St. Jude Faces Two Shareholder Lawsuits
Two lawsuits filed last month against St. Jude Medical, Inc., and a handful of its top executives and officers, state that shareholders should not bear responsibility for the funds that the company has spent on other lawsuits.
The shareholder complaints, which were both filed in U.S. District Court in Minnesota and cite many of the same allegations, claim that the Little Canada-based medical device company has faced expensive and time-consuming litigation while under its current leadership-which have caused harm to the company and in turn, shareholders.
The suits were filed on behalf of Cindy Henzel-an individual shareholder from Pennsylvania-and the Louisiana municipal police employees' retirement system, a Louisiana-based institutional shareholder of St.
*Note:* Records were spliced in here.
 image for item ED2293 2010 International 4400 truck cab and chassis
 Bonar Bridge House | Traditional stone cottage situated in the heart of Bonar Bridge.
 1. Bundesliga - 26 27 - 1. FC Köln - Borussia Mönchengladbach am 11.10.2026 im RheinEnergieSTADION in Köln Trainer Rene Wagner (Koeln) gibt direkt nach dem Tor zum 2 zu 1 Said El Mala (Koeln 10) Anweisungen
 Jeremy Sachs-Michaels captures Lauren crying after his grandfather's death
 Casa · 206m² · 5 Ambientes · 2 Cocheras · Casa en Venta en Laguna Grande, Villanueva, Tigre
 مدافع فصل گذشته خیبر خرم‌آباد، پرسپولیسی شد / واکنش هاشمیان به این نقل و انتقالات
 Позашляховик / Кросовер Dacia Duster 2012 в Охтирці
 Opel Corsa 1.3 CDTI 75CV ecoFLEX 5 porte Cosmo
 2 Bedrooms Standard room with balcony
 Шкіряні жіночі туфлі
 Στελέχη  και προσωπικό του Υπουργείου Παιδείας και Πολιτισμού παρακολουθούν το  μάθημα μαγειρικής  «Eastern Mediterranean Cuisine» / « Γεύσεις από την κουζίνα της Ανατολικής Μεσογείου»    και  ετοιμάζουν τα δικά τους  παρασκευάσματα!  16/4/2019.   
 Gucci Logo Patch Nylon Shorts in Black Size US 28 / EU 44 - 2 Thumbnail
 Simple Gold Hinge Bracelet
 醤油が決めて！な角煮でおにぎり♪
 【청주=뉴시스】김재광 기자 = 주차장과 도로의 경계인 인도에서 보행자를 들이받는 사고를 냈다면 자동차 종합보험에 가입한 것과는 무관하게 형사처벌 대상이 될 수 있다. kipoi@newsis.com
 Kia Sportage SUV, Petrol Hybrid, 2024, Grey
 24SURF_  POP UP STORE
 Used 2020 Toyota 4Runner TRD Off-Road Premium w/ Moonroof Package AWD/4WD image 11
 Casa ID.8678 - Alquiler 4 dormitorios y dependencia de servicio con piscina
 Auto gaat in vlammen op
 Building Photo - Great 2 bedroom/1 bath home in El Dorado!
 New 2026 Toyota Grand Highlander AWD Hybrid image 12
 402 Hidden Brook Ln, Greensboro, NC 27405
Jude's stock.
Both complaints seek to “prevent corporate insiders from shifting all responsibility for the company's misconduct onto the backs of the innocent public shareholders, while they themselves walk away while paying nothing, and even voting themselves increased salaries and benefits.” Defendants named in the complaints include CEO Daniel Starks and directors John Brown, Richard Devenuti, and Stuart Essig, among others.
St. Jude spokeswoman Amy Jo Meyer wrote in an e-mailed statement on Tuesday that the complaints are “substantially identical derivative actions.” “The allegations raised in these cases are baseless and without merit,” she wrote. “The company plans to vigorously defend against these claims.”
Both complaints focus on federal cases against St. Jude that accuse the company of paying illegal kickbacks to health care providers. In one case, St. Jude paid $3.7 million to resolve allegations that it made illegal payments to two hospitals to secure heart-device business.
The other case cited in the shareholder lawsuits alleges that St. Jude provided kickbacks to induce health care providers, including cardiologists, to use the company's products. The shareholder lawsuit claims that these actions “allegedly tainted the treatment of many cardiac patients and subjected seriously ill patients and others to unnecessary medical procedures designed to promote the use of St. Jude products, including implantable defibrillators and pacemakers.” That case is still pending.
In an unrelated case, St. Jude settled a lawsuit last month in which the company accused one of its former executives of violating a noncompete agreement when he accepted a job with competitor Medtronic, Inc.
St. Jude is among Minnesota's 20-largest public companies based on its 2008 revenue, which totaled $4.4 billion. The company reported revenue of $4.7 billion in 2009.